FERCAN: İnsanın ruhuna aydınlık veren bir içtenliğe sahip olan
FERDA: Gelecek zaman, yarın; Kıyamet
FERDACAN: İçtenliğini hiç kaybetmeyecek olan.
FERHAN: Sevinçli, gönlü hoş
FERİ: Köke değil dallara ait olan. İkinci derecede olan.
FERİDE: Eşi benzeri olmayan,tek. Çok değerli inci.
FERİS: Şık,zarif.
FERİSU: Temizliği ve berraklığıyla ışık saçan.
FERNUR: Aydınlık,ışık.
FERSUDE: Eskimiş,yıpranmış,örselenmiş.
FERZİN: Kraliçe
FEYZA: Bolluk, çokluk, bereket. Taşkın.
FEZA: Boşluk, sinirsizlik; Uzay
FİDAN: Yeni yetişen ağaç
FİGEN: Yaralayan, kıran
FİLİZ: Tohumdan çıkan sürgün. İnce ve güzel vücutlu.
FİRDEVS: Cennetler. Cennet bahçeleri.
FİRUZE: Açık mavi renkte, değerli bir süs taşı
FULYA: Nergisgillerden güzel kokulu sarı bir çiçek
FUNDA: Çalı ormanı, çalılık; Püskül, tepelik
FÜRUZAN: Parlayan, parlak
FÜSUN: Büyü

G
GAMZE: Göz kırpma, gözle işaret; Nazlı bakma; Gülerken bazı kişilerde yanaklarda beliren çukur
GAYE: Amaç, erek
GAZAL: Ak geyik, ahu; Geyik yavrusu; Güzel söz (mecazi)

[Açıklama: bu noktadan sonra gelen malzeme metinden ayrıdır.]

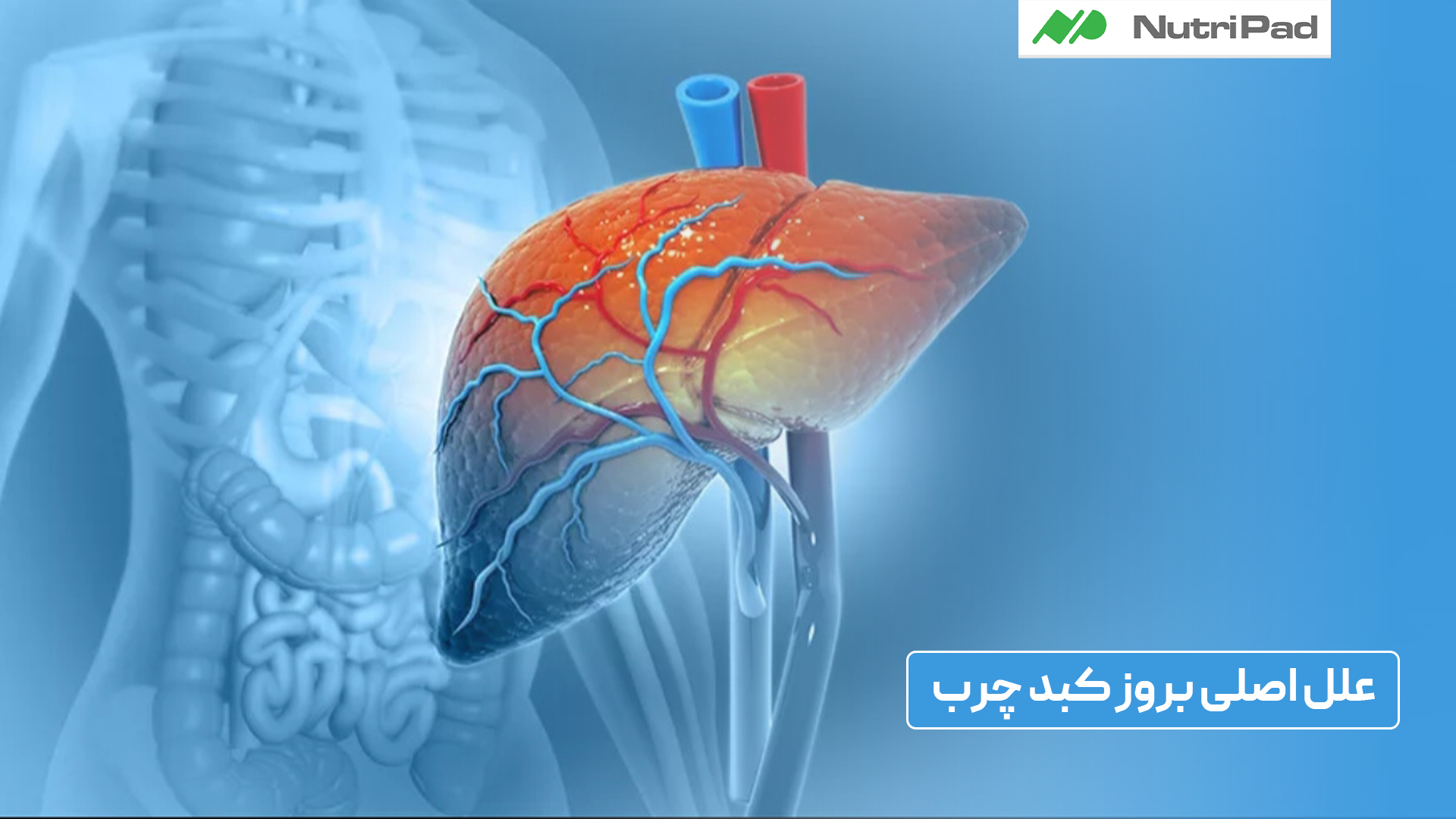 علل کبد چرب چیست؟ نوتری پاد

GAZEL: Konusu daha çok sevgi ve içki olan, manzume; Tek kişinin özel ahenkte okuduğu müzik parçası; Sonbahar vaktinde düşen yapraklar
GECE: Gün batımından ağarmasına kadar geçen süre
GELİNCİK: Yazın kırlarda yetişen parlak kırmızı renkli bir çiçek
GENCAY: Yeni doğmuş ay; Hilal biçimindeki ay
GERÇEK: Yakıştırma veya yalanı olmayan
GİZEM: Sır; Aklın erişemediği çözülemeyen şey
GONCA: Tam açılmamış çiçek
GONCAGÜL: Gül goncası.
GÖK: Yerin göz ile görülebilen ufuklarından başlayarak yukarıda kubbenin içi gibi gözüken sonsuz boşluk; Mavi renk
GÖKAY: Hem gök, hem ay; Güzel ay
GÖKBEN: Ben gökyüzü anlamında
GÖKÇE: Gök mavisi, mavi gözlü güzel
GÖKÇENAZ: Nazlı mavi.
GÖKSU: Türkiye'nin çeşitli yerlerinde bulunan akarsuların adı
GÖKYEL: Kuzeydoğudan esen rüzgar, poyraz
GÖNEN: Rutubet, yaşlık; Ekilecek toprağın tavlandırılması
GÖNÜL: İstek, arzu, sevgi.
GÖNÜLGÜL: Gül gibi zarif bir gönlü olan.
GÖRKE: Heybetli
GÖRKEM: Göz alıcı ve gösterişli olma durumu,ihtişam.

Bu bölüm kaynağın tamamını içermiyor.